Grand sujet d'actualité en Europe, l'immigration clandestine est au coeur d'Illégal, plus récent film du cinéaste belge Olivier Masset-Depasse. La Presse a rencontré ce dernier ainsi que son actrice fétiche, Anne Coessens.

Olivier Masset-Depasse se souvient du jour où, en visite dans un centre fermé pour immigrants illégaux, il est entré dans le bureau de la directrice.

«Elle était au téléphone avec un immigrant polonais expulsé deux semaines plus tôt, raconte-t-il. L'homme avait oublié son téléphone portable. La directrice lui a demandé son adresse pour le lui faire parvenir, mais ce dernier lui a répondu que ce n'était pas nécessaire. Il allait passer le chercher!»

Pour le jeune cinéaste belge, les centres fermés, des endroits sordides où sont parqués les immigrants illégaux dans l'attente d'une probable expulsion, ne fonctionnent pas. Au contraire. Ils aliènent, ils tuent à petit feu, ils cultivent le désespoir. Et ceux qui sont expulsés du pays trouvent les moyens de revenir.

C'est ce que Masset-Depasse a voulu démontrer dans Illégal, film coup-de-poing qui raconte l'histoire de Tania (Anne Coessens), Russe sans papiers vivant en Belgique avec son fils de 14 ans.

Un jour, Masset-Depasse a voulu savoir ce qui se passait derrière les portes de ces centres. Ce qu'il a vu l'a dégoûté.

«Du côté des femmes et des enfants, on croise des gosses en pyjama à 4 h de l'après-midi, raconte-t-il. D'autres cherchent des jouets sans arrêt. Leurs mères sont un peu lobotomisées. On sent un désoeuvrement total, avec un côté douceâtre, comme une longue noyade. Alors que chez les hommes, c'est plus électrique.»

Anne Coessens a ressenti la même chose. «Je ne savais pas que c'étaient de vraies prisons, carcérales, où l'on enferme des gens qui ne sont pas des criminels ou même des enfants, a-t-elle confié en entrevue lors du Festival du film francophone de Namur, où elle a remporté le prix de la meilleure interprétation féminine. Ce qui m'a choqué, c'est qu'il n'y a jamais rien, rien, rien à faire. Et leur séjour peut durer jusqu'à huit mois!»

Complicité

Plusieurs raisons expliquent que les centres fermés ne fonctionnent pas, estime Masset-Depasse. À commencer par le fait que l'immigration illégale est en partie encouragée par des patrons qui embauchent les sans-papiers au noir et à bas salaires.

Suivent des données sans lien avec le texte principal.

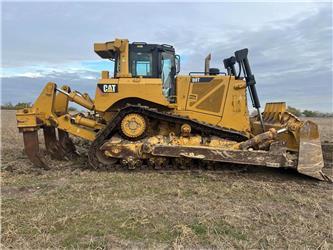 CAT D8T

Ainsi, dans Illégal, Tania a un travail, quelques amis, s'assure que son fils va à l'école. Mais elle vit constamment dans la peur d'être arrêtée. Un jour, lorsqu'elle baisse sa garde, elle est coincée à la sortie d'un bus. Son fils réussit à s'échapper et Tania, même de l'intérieur du centre, fait tout en son pouvoir pour le tenir à l'écart.

Pendant des semaines, elle refuse de s'identifier. Et personne d'autre qu'elle peut le faire, car elle a sciemment brûlé ses empreintes digitales. Finalement, elle donne le nom d'une amie... tchétchène. Un phénomène courant dans les vrais centres.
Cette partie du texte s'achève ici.